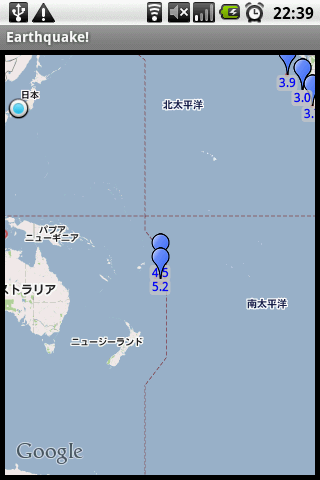 HT-03Aで世界中の地震の情報を調べるアプリ Earthquake!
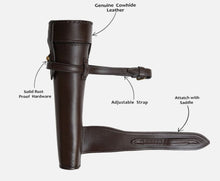Load image into Gallery viewer, Fox Hunting Baton Flask Stainless Steel Saddle Hip Flask with Leather Case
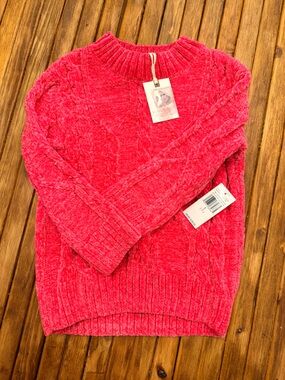 Jessica Simpson hot pink sweater. 
Brand new with tags size 7.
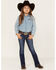 Image #1 - Shyanne Little Girls' Dark Wash Dreamcatcher Embroidered Bootcut Jeans, Blue, hi-res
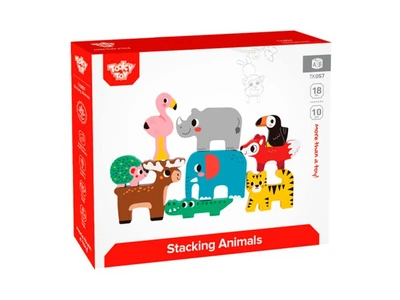 Координационная деревянная игра Башня зверюшек, Tooky Toy, TK057N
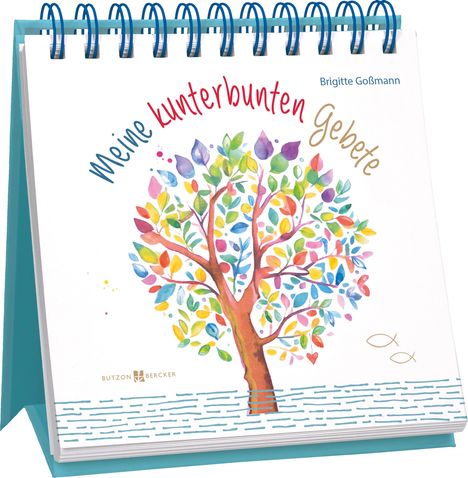 "Meine kunterbunten Gebete" und "Brigitte Goßmann". Bunter Baum mit Blattmotiven, zwei Fischsymbole und ein blau-weißes Muster unten.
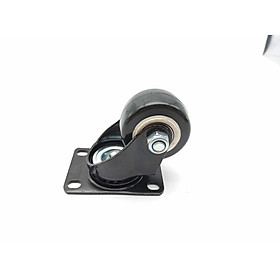 Mua Bánh xe đẩy mặt đế xoay càng sắt tải trọng 45kg lốp nhựa PU đen rộng 32mm Φ60mm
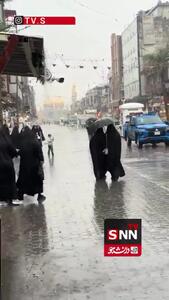 تصاویری زیبا از بارش شدید باران در حرمین کاظمین +فیلم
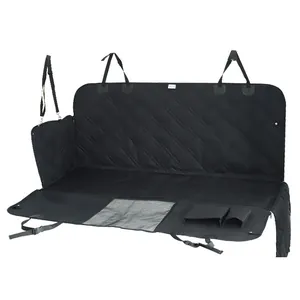 Detailed view of the black waterproof car pet seat cover with mesh window and straps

··········

▸ The problem
Repeat every line above exactly, but omit all images.

▸ Finished exercise
 HT-03Aで世界中の地震の情報を調べるアプリ Earthquake!
Load image into Gallery viewer, Fox Hunting Baton Flask Stainless Steel Saddle Hip Flask with Leather Case
 Jessica Simpson hot pink sweater. 
Brand new with tags size 7.
 Image #1 - Shyanne Little Girls' Dark Wash Dreamcatcher Embroidered Bootcut Jeans, Blue, hi-res
 Координационная деревянная игра Башня зверюшек, Tooky Toy, TK057N
 "Meine kunterbunten Gebete" und "Brigitte Goßmann". Bunter Baum mit Blattmotiven, zwei Fischsymbole und ein blau-weißes Muster unten.
 Mua Bánh xe đẩy mặt đế xoay càng sắt tải trọng 45kg lốp nhựa PU đen rộng 32mm Φ60mm
 تصاویری زیبا از بارش شدید باران در حرمین کاظمین +فیلم
 Detailed view of the black waterproof car pet seat cover with mesh window and straps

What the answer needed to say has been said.